埼玉県では、2018年7月に度重なる教職員の不祥事を受け、不祥事根絶対策を網羅的、体系的に整理した「不祥事根絶アクションプログラム」を策定。2021年2月には、教職員に効果的な研修を実施するための研修プログラムを策定し、教職員による不祥事の根絶を目指してきた。
一方、2022年度埼玉県が、教職員に対し懲戒処分を行った件数は29件。このうち、生徒に対するわいせつ行為による免職処分が3件あり、いまだ根絶には至っていない。
埼玉県の高田直芳教育長は今回、過去の不祥事について、あらためて不祥事に至るまでの経過や背景等をしっかりと分析するとともに、「不祥事防止研修プログラム」を活用した教職員の研修等、継続した取組みをより一層強化するとのメッセージを県民に向け発表した。
この中で、特に「性暴力」は、児童生徒の尊厳と権利を著しく侵害し、生涯にわたって回復し難い心の傷を与えるもので「決して許されることではない」と強調。 教職員ひとりひとりがあらためて自分の仕事に対する使命や誇りを再認識し、不祥事を「起こさない」「起こさせない」という強い気持ちをもつことで、これからの未来を創る子供たちが活躍できる社会を目指し成長を支えていくとしている。

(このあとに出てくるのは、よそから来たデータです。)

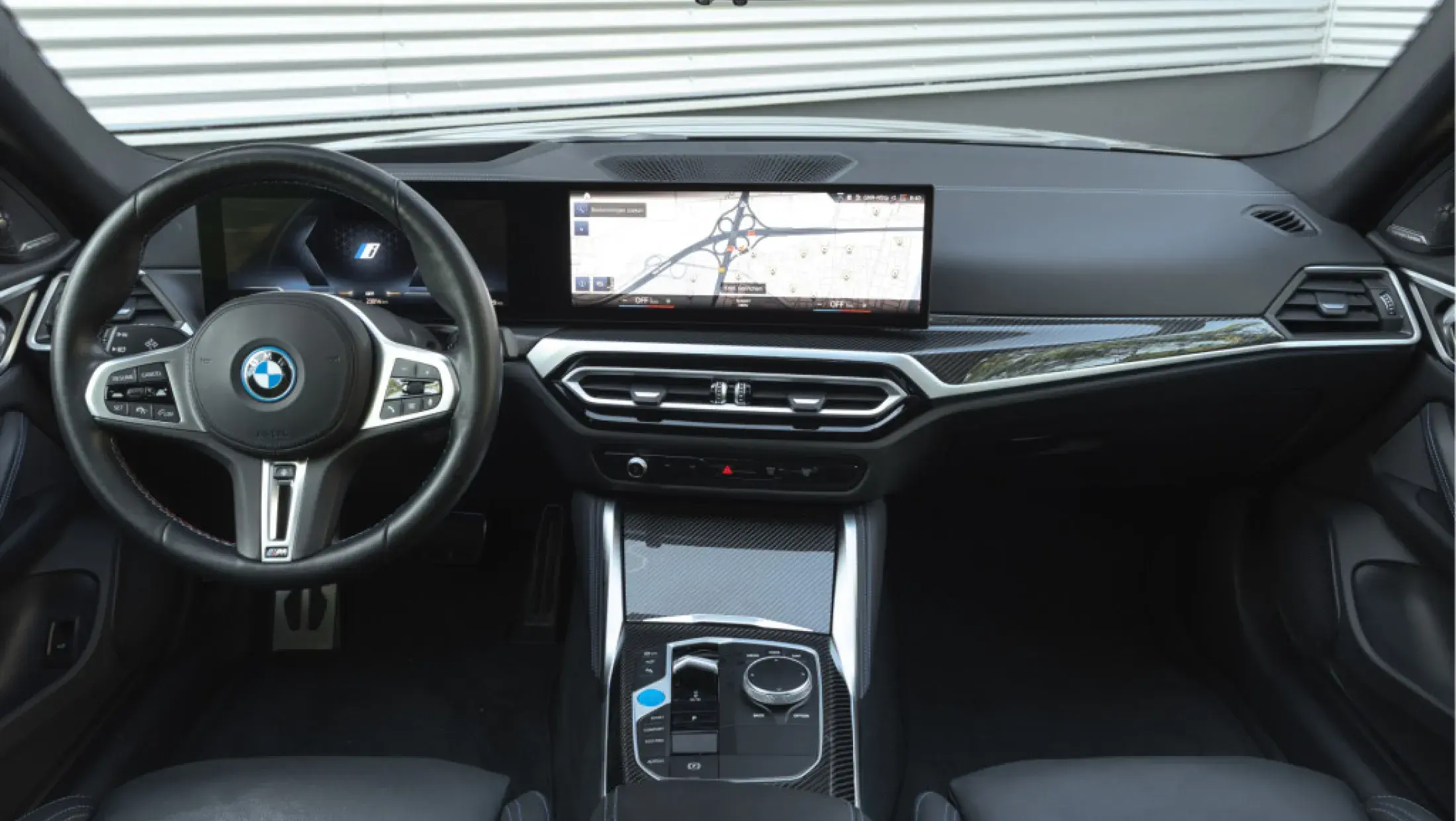 BMW i4 M50 M-Sport Pro Individual Messing Metallic G26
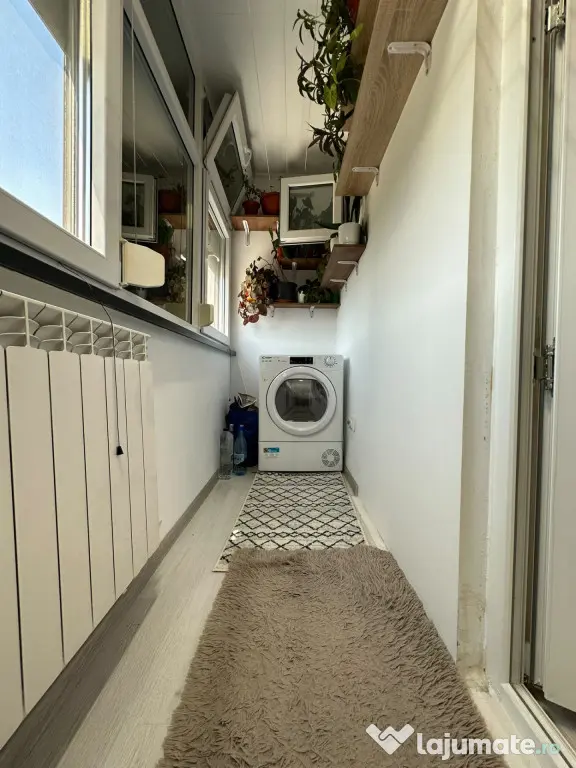 - Renovat in totalitate! Ap. 2 camere, C. Galati, et.3. Doua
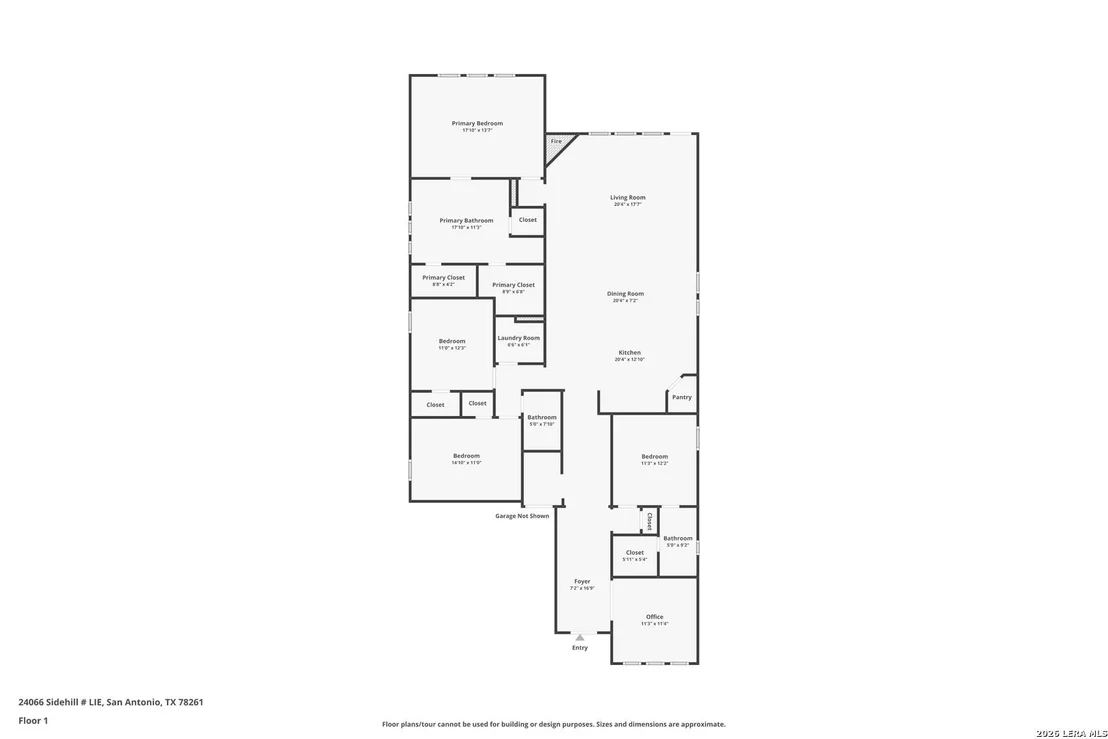 Photo of 24066 Sidehill Lie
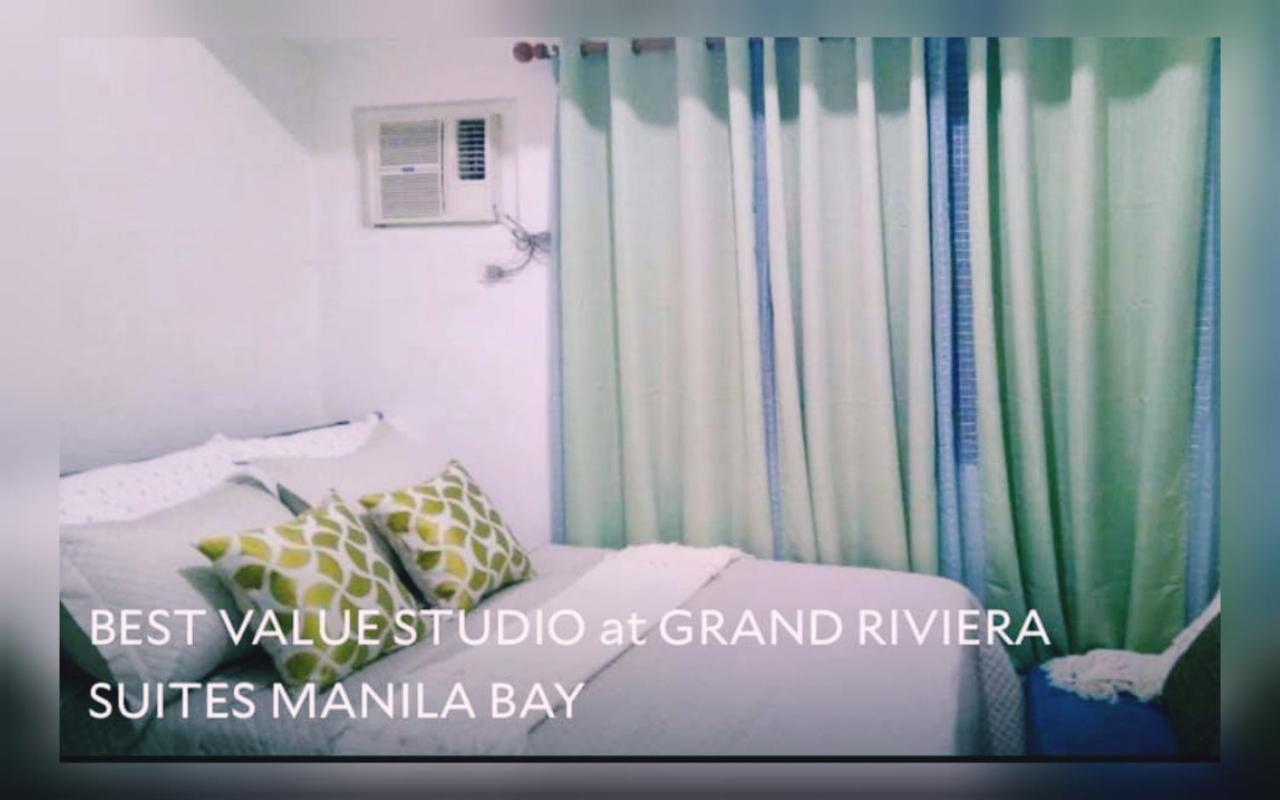 Grand Riviera Suites マニラ市 エクステリア 写真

同日、「不祥事根絶アクションプログラム」の改訂版を公表。今後は、7つの大きな柱「不祥事の分析」「教員養成、採用、人事異動の各段階における不祥事根絶の取組」「研修の充実」「学校や教職員に対する支援」「教職員が働きやすい学校づくり」「コンプライアンスの推進および『懲戒処分の基準』の明確化の検討」「教育職員等による児童生徒性暴力等の防止等に関する法律に基づく適切な対応」と36の取組みで、教育委員会一丸となって不祥事の根絶に努めるとしている。